Opening with an equivocally moody distance and mysterious foundation (ref: “Allegro moderato”), Castro’s Piano Concerto in A minor fluidly glimpses upon Edvard Grieg’s majestic runs and fortitude. Soon the clarinet blossoms into an intelligent conversation with Jorge Federico Osorio. Ricardo Castro’s illustrious grandeur gives his Piano Concerto a round or two of thoughtful convention. The more contemplative passage (2’10) sprinkles mildly with Grieg’s “Adagio” from the Concerto in A minor. “Slow to burn” with grave friction, the “Andante” pauses with stately extensions and allows cadenzas to hold back excessiveness, though the embraces are painfully loving.

Senor Osorio’s reading of Castro is sensitive yet persuasive, teeming with a velvety flow: it yearns for a “hopeful tomorrow”, cautiously and anxiously awaiting the opening of an optimistic day. [Think Rachmaninoff]. Senor Osorio releases a dignified and poignant musical surfactant that helps broaden the dramatic strength of total composition. “Delicate and touching” well-characterizes the technique that Jorge Federico Osorio manifests in his fully-exposed and embracing musical demeanor. A graceful ending.

In an entrée by horns, the final third of the Concerto adds lighter fare by unveiling of the “Polonaise”...certainly a Westernized European élan brimming with majestic touches like those buried inside Pyotr Tchaikovsky’s war chest. Within the closing remarks, Senor Osorio floats lightly on high and tingles the airwaves with fancy, elegant formality. Conclusive and tinkling remarks (a strong reminder of Sleeping Beauty) beautifully build in a mellifluous, chatty ivory delight. Senor Osorio’s flights of fancy are forever flouncy and fluffy. The closing Castro remarks summarize the composition’s past reminisces into a whirling, punchy conclusion. Spectacular!

Yet a contrast ensues inside the soft, yet dramatic whispers of the “Berceuse” that are contemplative, though enthusiastically yearning for optimistic resolve.
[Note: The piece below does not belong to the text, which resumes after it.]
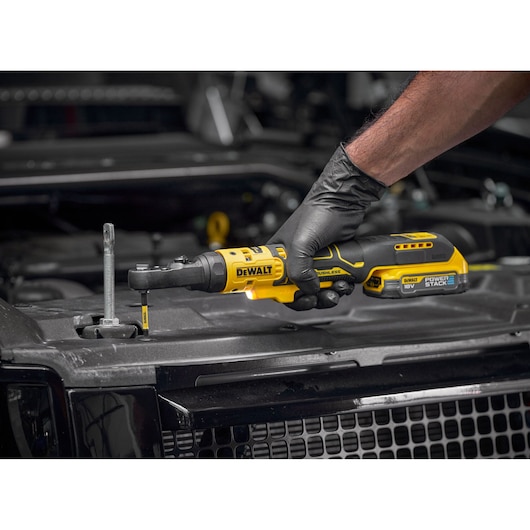 A DEWALT DCF520N cordless ratchet tool being used by a person wearing black gloves to tighten a bolt on a car engine. The tool features an 18V battery and Power Stack technology.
On the same level of sobriety, Senor Osorio channels the energy to his fingers and, ultimately, to his heart as he delves into the serious topic of “love”, deeply buried inside his rendition of the Canto de amor. Here, Ricardo Castro tempers his piece with love‑sick awakenings, filled with superlative cascading runs masterfully free‑flowing and patiently building through the powerfully illustrative expressions by Jorge Federico Osorio. In the last few years of Ricardo Castro’s life, his swansong miniature, “Plainte”, sang like a brightly‑hued lark ripening with age, as if to be turning back the neck to reflect upon past idylls. M. Osorio’s eloquence is fashioned by a sedately pined resolve.

In comparison to Ricardo Castro, Manuel María Ponce’s music has stronger equations, imbued by thicker lines and woody density. Furthermore, Ponce’s Piano Concerto n° 1 emerges upon the airwaves with greater heft. It’s as if to say Ponce’s pieces breathe a seriously spicy hot‑blooded determination. All three movements inside the Concerto invoke deeper drama, and reign supreme in the context of the storyline: but Jorge Federico Osorio channels Ponce’s emotional assortments of thoughts with grainy, melodramatic detail. Each of the other independent songs (Arrulladora Mexicana, Gavota, Romanza de amor and Intermezzo) are stated with firmity and poignant direction.

“Conciertos Románticos” is penetrating and clear...we hear Jorge Federico Osorio at his “personal best”, embracing the passionate fervencies of the Romantic movement and the heartfelt discoveries of two Mexican composers.